The Tomaquag Indian Memorial Museum is an Indigenous-led museum in Exeter, Rhode Island. The museum was founded by anthropologist Eva Butler and a Narragansett and Wompanoag woman named Princess Red Wing in 1958.

The Tomaquag Museum's mission focuses on the education of all our relations on the Indigenous cultures of the Dawnland (focus Southern New England). The museum won a National Medal for Museum and Library Service in 2016. The museum was nominated by U.S. Senator Sheldon Whitehouse.

==Collection==
The museum showcases the history and culture of the Indigenous peoples who have lived and currently reside in southeastern New England including the Narragansett, Niantic, Wompanoag and Nipmuck. Exhibits include traditional crafts, such as ash splint baskets and locally made dolls, historical archives dating back to the 1880s, culture and important Indigenous figures including Princess Red Wing and Ellison "Tarzan" Brown Sr. The museum's grounds include a wetu (traditional domed hut) and a traditional Three Sisters garden with corn, beans and squash. There is also a forest and an outdoor Friendship Circle.

==History==
The site of the museum was originally home to the Dovecrest Restaurant and Trading Post, founded by Eleanor and Ferris Dove. The Dove family donated their personal property soon thereafter to establish a permanent home for the museum.

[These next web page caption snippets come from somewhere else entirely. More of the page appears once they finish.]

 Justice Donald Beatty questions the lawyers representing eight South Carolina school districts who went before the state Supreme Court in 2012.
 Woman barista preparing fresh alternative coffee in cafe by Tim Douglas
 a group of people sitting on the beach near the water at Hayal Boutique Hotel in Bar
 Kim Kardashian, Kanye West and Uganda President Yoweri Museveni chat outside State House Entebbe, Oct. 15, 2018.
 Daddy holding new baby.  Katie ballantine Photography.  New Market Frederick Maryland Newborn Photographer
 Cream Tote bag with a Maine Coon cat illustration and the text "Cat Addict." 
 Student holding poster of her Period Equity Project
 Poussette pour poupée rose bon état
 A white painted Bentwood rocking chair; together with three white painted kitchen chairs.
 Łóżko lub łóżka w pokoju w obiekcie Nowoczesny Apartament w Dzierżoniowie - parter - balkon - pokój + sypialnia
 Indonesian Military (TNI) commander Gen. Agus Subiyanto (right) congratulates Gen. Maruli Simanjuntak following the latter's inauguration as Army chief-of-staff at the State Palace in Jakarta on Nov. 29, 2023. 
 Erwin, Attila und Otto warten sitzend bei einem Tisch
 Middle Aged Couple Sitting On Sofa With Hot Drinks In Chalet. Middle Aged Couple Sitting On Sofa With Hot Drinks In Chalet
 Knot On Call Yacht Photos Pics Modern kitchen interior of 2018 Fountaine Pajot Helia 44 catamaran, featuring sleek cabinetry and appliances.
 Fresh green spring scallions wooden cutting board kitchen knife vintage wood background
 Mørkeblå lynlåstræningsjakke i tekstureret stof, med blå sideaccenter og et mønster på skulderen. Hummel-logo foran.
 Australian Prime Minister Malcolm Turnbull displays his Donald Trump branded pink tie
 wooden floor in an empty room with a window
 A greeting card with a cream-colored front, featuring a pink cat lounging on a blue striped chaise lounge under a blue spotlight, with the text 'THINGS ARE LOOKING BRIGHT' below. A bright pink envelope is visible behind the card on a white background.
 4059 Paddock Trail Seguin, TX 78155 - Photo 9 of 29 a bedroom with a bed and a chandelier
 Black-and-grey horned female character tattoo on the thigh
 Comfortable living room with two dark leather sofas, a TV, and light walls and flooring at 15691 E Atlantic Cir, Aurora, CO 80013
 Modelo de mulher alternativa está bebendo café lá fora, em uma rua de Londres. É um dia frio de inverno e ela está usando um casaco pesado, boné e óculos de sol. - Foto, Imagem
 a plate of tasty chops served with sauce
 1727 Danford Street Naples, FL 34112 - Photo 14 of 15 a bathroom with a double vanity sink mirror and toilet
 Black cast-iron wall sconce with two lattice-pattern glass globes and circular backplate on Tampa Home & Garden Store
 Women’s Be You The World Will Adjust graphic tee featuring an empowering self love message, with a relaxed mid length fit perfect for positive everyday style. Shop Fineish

In 2003, Lorén Spears founded the Nuweetooun School on the site of the museum. It was a private school for grades K-8. Open to any student, it focused on Indigenous youth. Nuweetooun School was closed in Spring of 2010 due to damage from flooding.

The Tomaquag Museum is in process of moving to the campus of the University of Rhode Island in Kingston, Rhode Island as of November 2024.

The museum is open on Wednesdays and on weekends.